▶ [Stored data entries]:
==*==

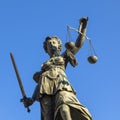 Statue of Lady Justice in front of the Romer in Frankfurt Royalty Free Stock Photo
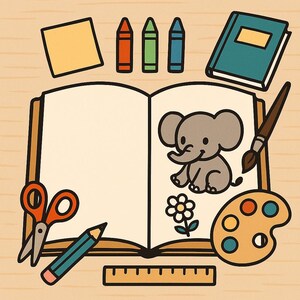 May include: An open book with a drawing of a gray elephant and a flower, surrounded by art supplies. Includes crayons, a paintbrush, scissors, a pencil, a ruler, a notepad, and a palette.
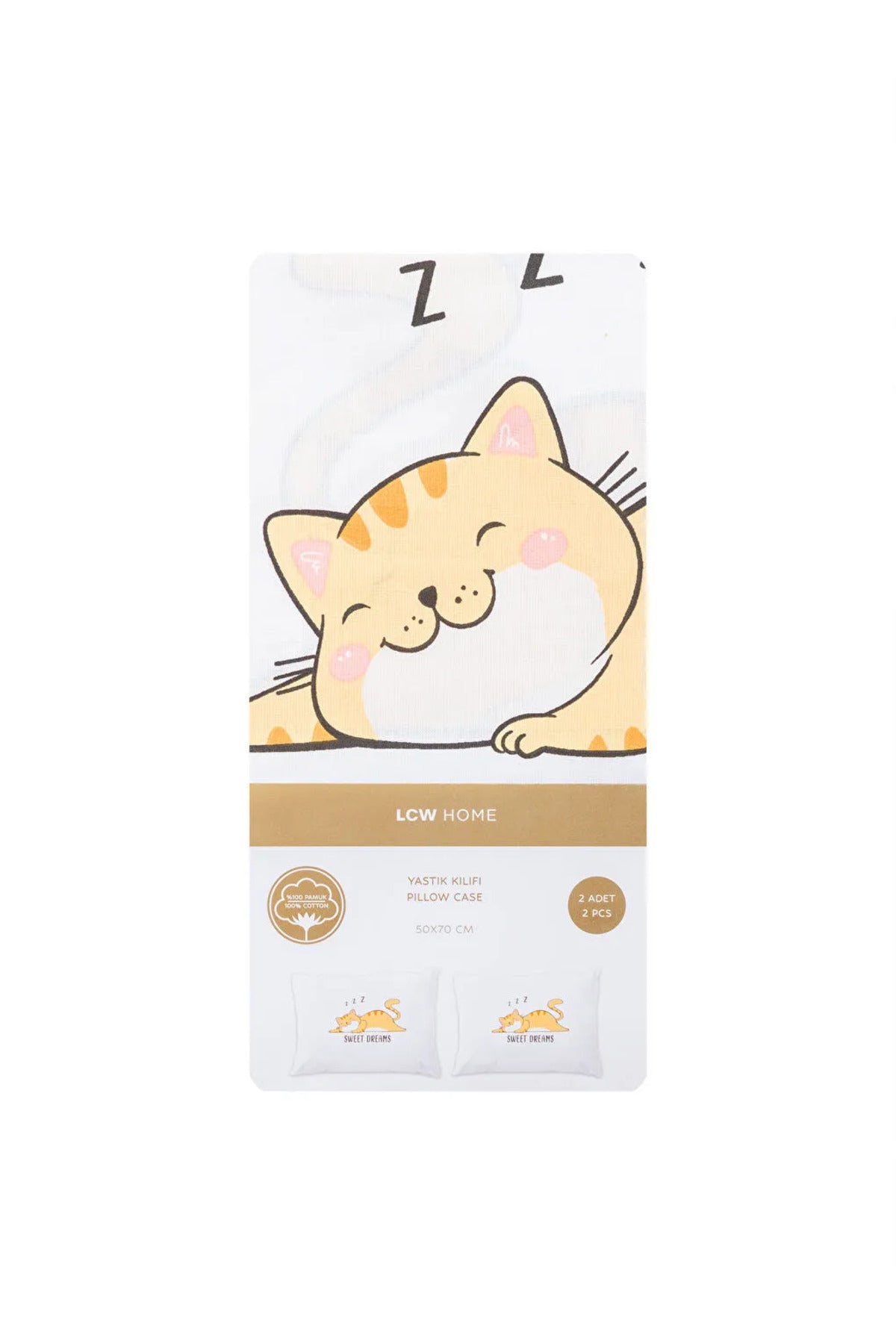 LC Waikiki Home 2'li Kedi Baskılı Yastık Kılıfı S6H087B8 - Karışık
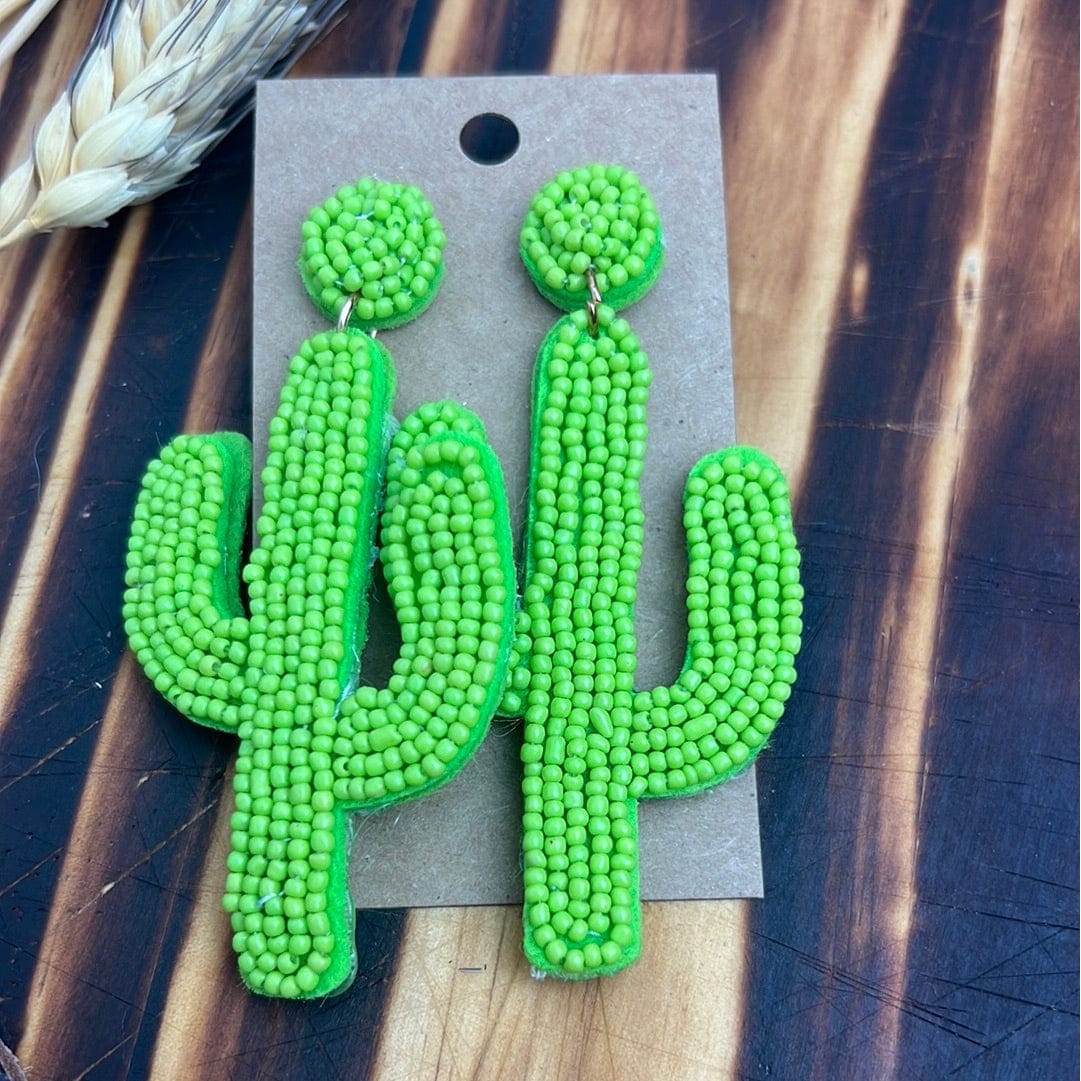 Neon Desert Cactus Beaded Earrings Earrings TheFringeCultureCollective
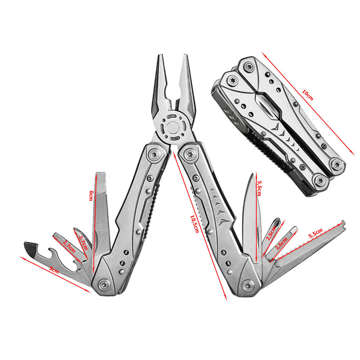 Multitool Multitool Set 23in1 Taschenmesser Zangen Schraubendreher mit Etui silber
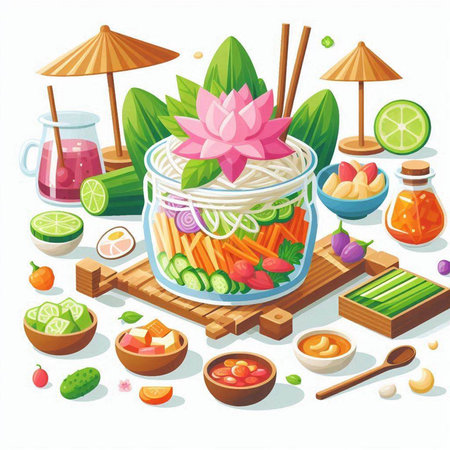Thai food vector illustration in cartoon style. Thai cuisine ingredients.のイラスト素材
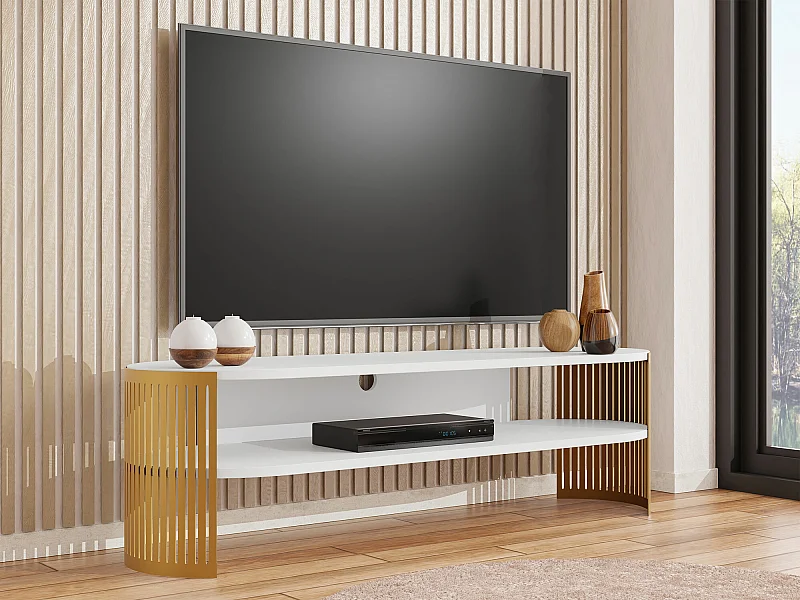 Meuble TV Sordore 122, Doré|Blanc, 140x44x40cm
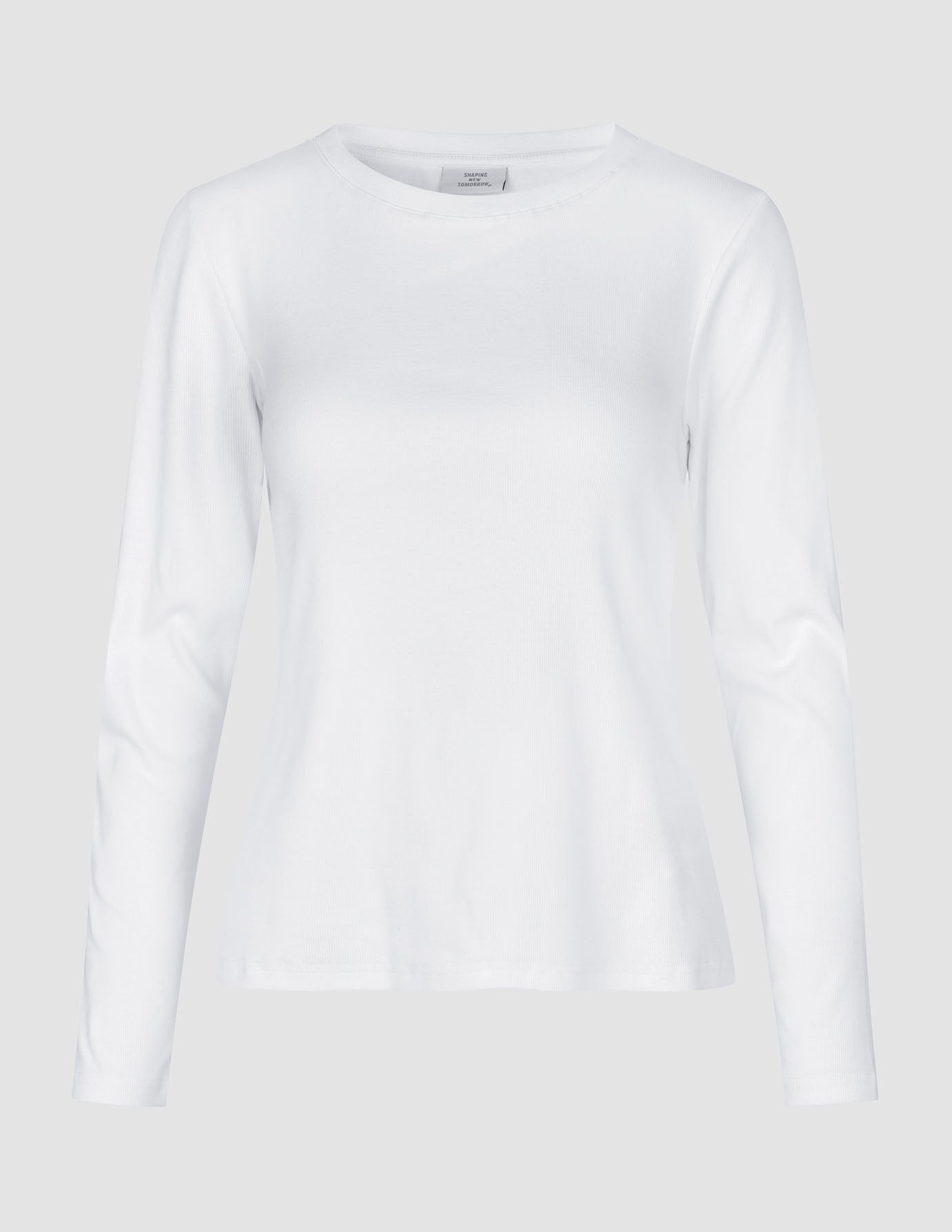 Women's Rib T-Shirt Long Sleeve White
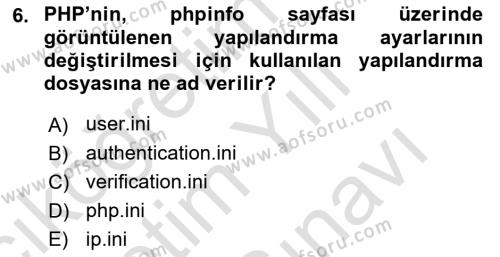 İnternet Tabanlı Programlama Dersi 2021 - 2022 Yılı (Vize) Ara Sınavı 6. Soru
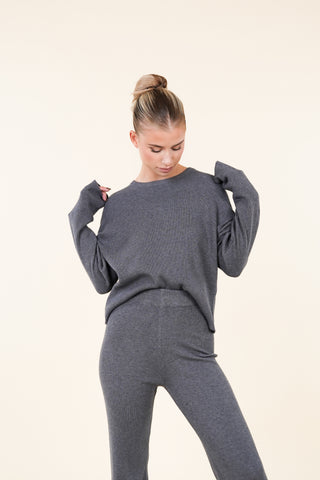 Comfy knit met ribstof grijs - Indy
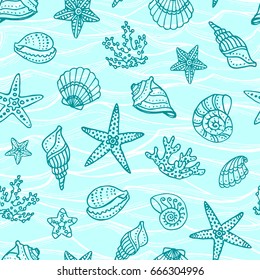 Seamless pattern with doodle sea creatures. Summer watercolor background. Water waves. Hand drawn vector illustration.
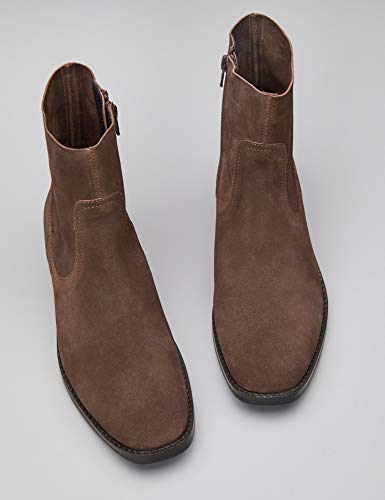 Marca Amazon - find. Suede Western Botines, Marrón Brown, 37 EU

==*==

▶ [Exercise details]:
What is wanted is an exact copy of the lines from the line with "LC Waikiki Home" through the end of the records, both ends included, pictures excluded.

▶ [Output for this exercise]:
 LC Waikiki Home 2'li Kedi Baskılı Yastık Kılıfı S6H087B8 - Karışık
 Neon Desert Cactus Beaded Earrings Earrings TheFringeCultureCollective
 Multitool Multitool Set 23in1 Taschenmesser Zangen Schraubendreher mit Etui silber
Thai food vector illustration in cartoon style. Thai cuisine ingredients.のイラスト素材
 Meuble TV Sordore 122, Doré|Blanc, 140x44x40cm
 Women's Rib T-Shirt Long Sleeve White
 İnternet Tabanlı Programlama Dersi 2021 - 2022 Yılı (Vize) Ara Sınavı 6. Soru
 Comfy knit met ribstof grijs - Indy
 Seamless pattern with doodle sea creatures. Summer watercolor background. Water waves. Hand drawn vector illustration.
 Marca Amazon - find. Suede Western Botines, Marrón Brown, 37 EU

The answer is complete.